Another Monday, another fun-packed weekend. So I'd be grateful for another weekend to recover from the last.
This was the final weekend for Neil in Japan, who returns to teh UK on Thursday. So, of course, we had to give him a good send off. First off, a night out in Takada starting with a nomihodai at Funai. As always, we fully abused teh system and drank way more than the cost of the nomihodai. The food was good too and Im pretty sure Kiwi Dave ate his body weight in Cheesy Potato.
After we were done in Funai, we crawled upstairs to PTA for a massive Karaoke session. I can;t remember all the tunes we sang, but I'm pretty sure we had some Rick Astley and Elvis in teh "Bye-Bye-Neil Mega-mix.
We finished around 1ish and a couple of taxis later we were back at Mel's place to sleep it all off.
We woke bright and early around 9ish and headed out for a greasy breakfast at Gusto. We went our seperate ways afterwards; Neil and Annie to Miyoko, Debs and Rowan to Niigata via Nagaoka, Mel to the baseball and I got the train back to Tokamachi and set too about preparing leaving pressies for Neil.
I had a few ideas, the best one being a T-shirt that summed up Neil's time in Japan. I'd been thinking of a slogan for the last couple of days and decided on one about onigiri. I had T-shirt printer paper and hunted down a T-shirt. On my travels I found another pressie for Neil in Musashi; a lightbaton as used by the people at roadworks.

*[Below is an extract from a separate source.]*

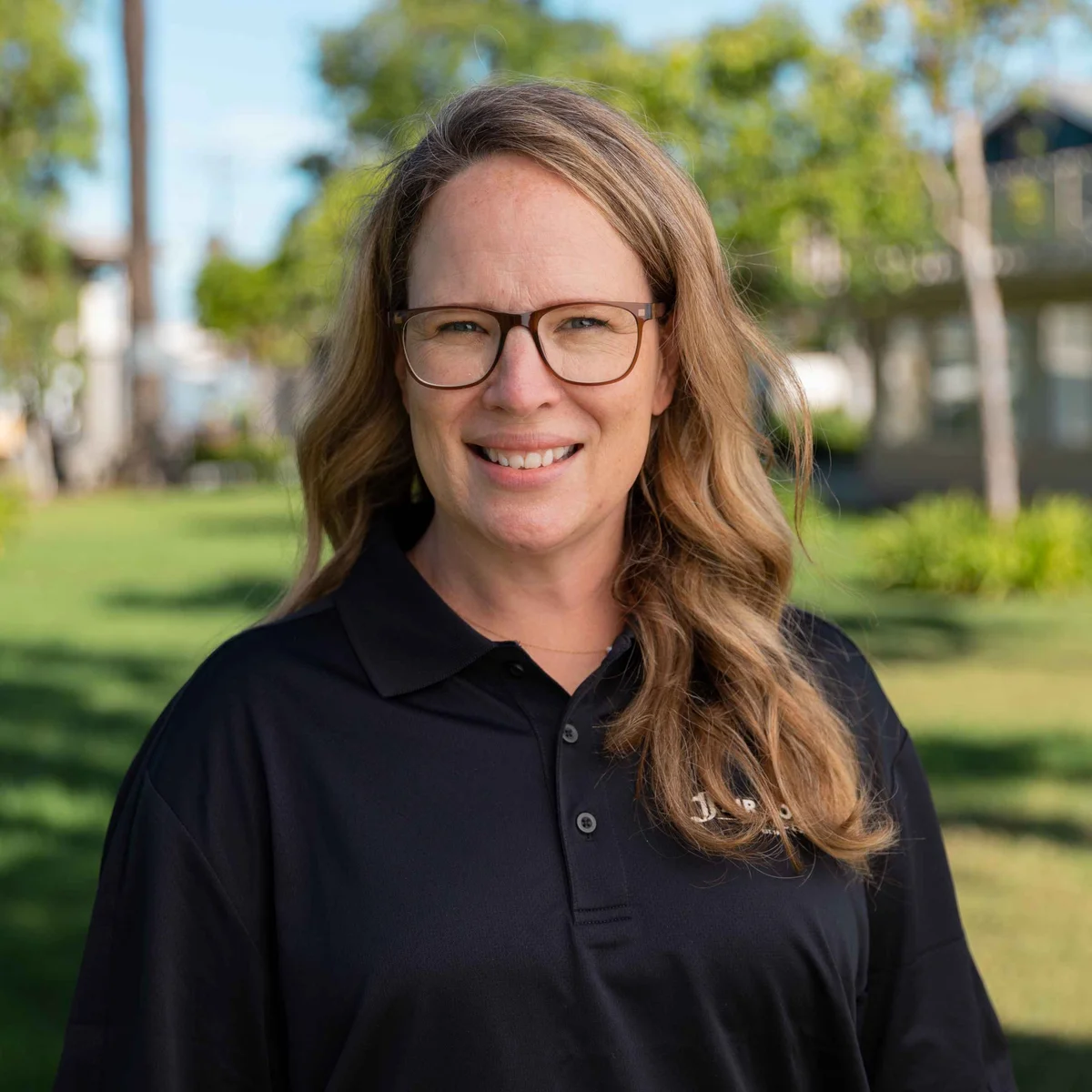 Mrs. Erin Thomas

So back at my flat, I set to and made this T-shirt:
Ryan made it to my place around 6.30 and we headed into Tokamachi for Neil's second night out. It was at the Beer Garden above Rapporto. They were having a sukiyaki tabehodai with nomihodai; all you can eat and drink from 3,500 yen, perfect!
We had some food and beer and I gave Neil his pressies. He loved the T-shirt but he and Ryan couldn't stop playing with the light-baton. Job done, ne?
We paced ourselves with the beer until last orders when we ordered more beer and shochu. Bad mistake as I was to find out an hour later.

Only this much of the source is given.